Set up looks great man. Looking forward to seeing the finished product


----------



## smokinsteve (Oct 4, 2011)

Here we are about halfway through.  The blocks have just been flipped.  I haven't noticed very much of a color change at all.  Is this normal for this part of the smoke?  A lot of the other posts show the cheese a light golden brown.  Am I doing something wrong?  Or is this just the way it is at this point?


----------



## smokinsteve (Oct 4, 2011)

And....DONE!  Here they are out of the smoker.  They were in for just over 4 hours.







All packaged and ready for their nap :-)







Color Comparison







That's it!  I welcome your comments.  Now...the dreaded fortnight of waiting :-(


----------



## africanmeat (Oct 4, 2011)

Wow looks great i love your setup


----------



## teeznuts (Oct 4, 2011)

Nice! just finished a cheese smoke myself. You can definitely see the color difference by comparing the finished product to your pic of the cheese in the MES prior to the smoke. Before I had my AMNPS I tried the soldering iron set up but I fried in about 20 minutes.

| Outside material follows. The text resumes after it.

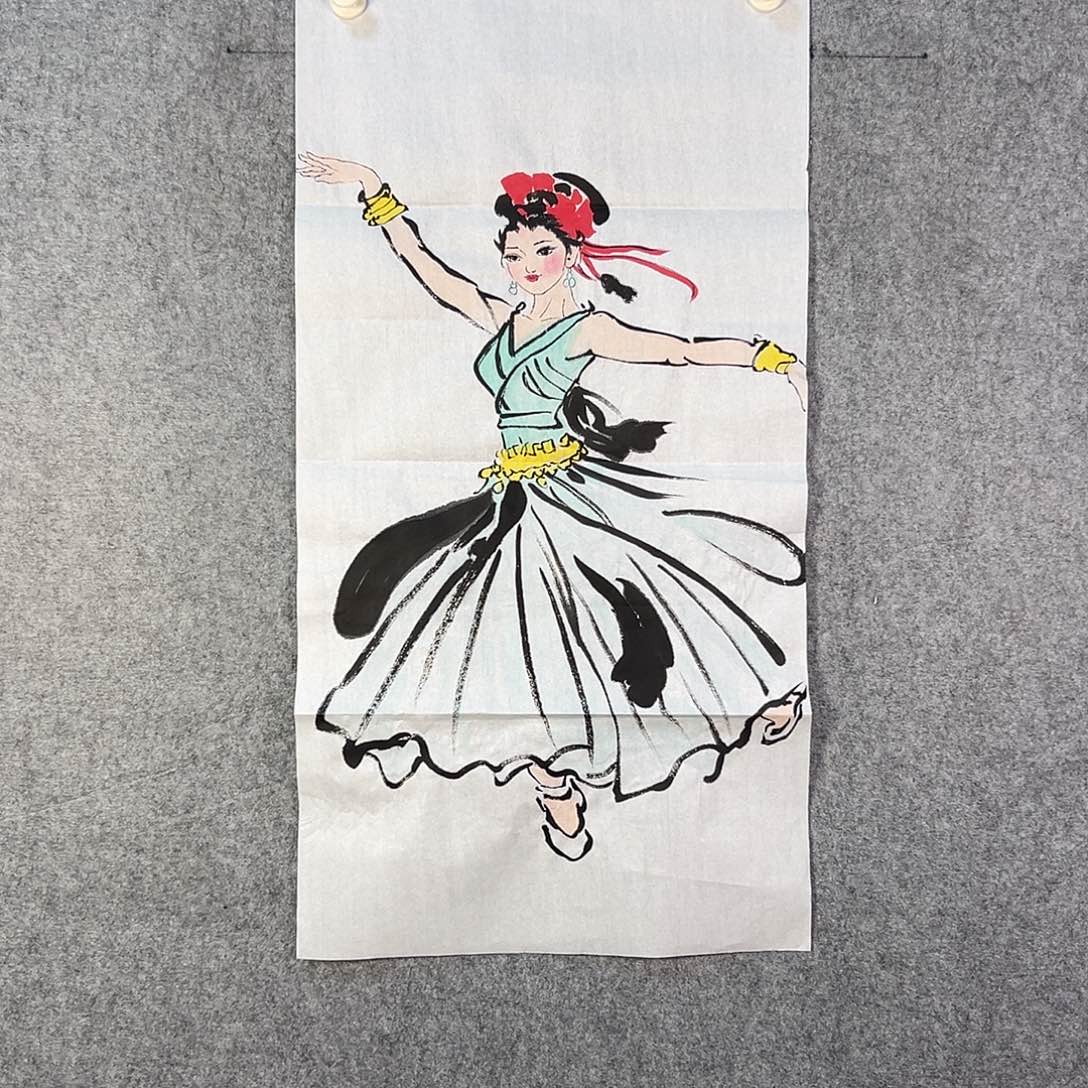 国画353 花鸟在树丛的顶端鸣叫叫声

Glad to see yours works.


----------



## tjohnson (Oct 4, 2011)

Yup, Waiting Sucks!

Good looking Cheese

TJ


----------



## venture (Oct 4, 2011)

Temps just broke this week here in Central Taxifornia.  Time to smoke some cheese!

Good luck and good smoking.


----------



## teeznuts (Oct 4, 2011)

Venture said:


> Temps just broke this week here in Central Taxifornia.  Time to smoke some cheese!
> 
> Good luck and good smoking.


I didnt even need ice in my cheese smoke today. cold smoking weather is finally here!!!!


----------



## SmokinAl (Oct 5, 2011)

Your cheese looks great.

I like your setup, very creative.


----------



## Bearcarver (Oct 5, 2011)

Looks Pretty Cheesy, Steve!!!  
	

	
	
		
		



		
		
	


	





LOL just kidding-------Looks Great !!!

I guess you got to answer your own question (post #3)---Yes it takes awhile for the color to change enough to be noticed, but it eventually gets there.

Nice Job,

bear


----------



## smokinsteve (Oct 5, 2011)

Thanks everyone for the encouragement.  I can't wait to taste it (in a few weeks!)

On that note....what type of wine (or beer for that matter) goes best with smoked cheese?  I am thinking a full-bodied red since it has to stand up against the smoke flavor, but that is just a guess.....  Anyone want to give some advice?  Thanks!


----------



## Bearcarver (Oct 6, 2011)

SmokinSteve said:


> Thanks everyone for the encouragement.  I can't wait to taste it (in a few weeks!)
> 
> On that note....what type of wine (or beer for that matter) goes best with smoked cheese?   I am thinking a full-bodied red since it has to stand up against the smoke flavor, but that is just a guess.....  Anyone want to give some advice?  Thanks!


That would be my choice too, but I'm not as well versed on wines as many are.

I am a beer lover (almost all I drank all of my life), but I don't think beer goes with cheese as well as most wines.

Bear


----------



## alelover (Oct 6, 2011)

Looks great Steve. The moz you can eat after a day or 2.


----------



## smokinsteve (Oct 6, 2011)

I guess tomorrow is going to be wine and cheese with Mrs!  Can't wait to taste it :-)

I did some reading...Zinfandel's and other big reds go well with smoked cheese.  As far as beer goes, you also want something that can stand up to the smoke....Porters and Stouts.


----------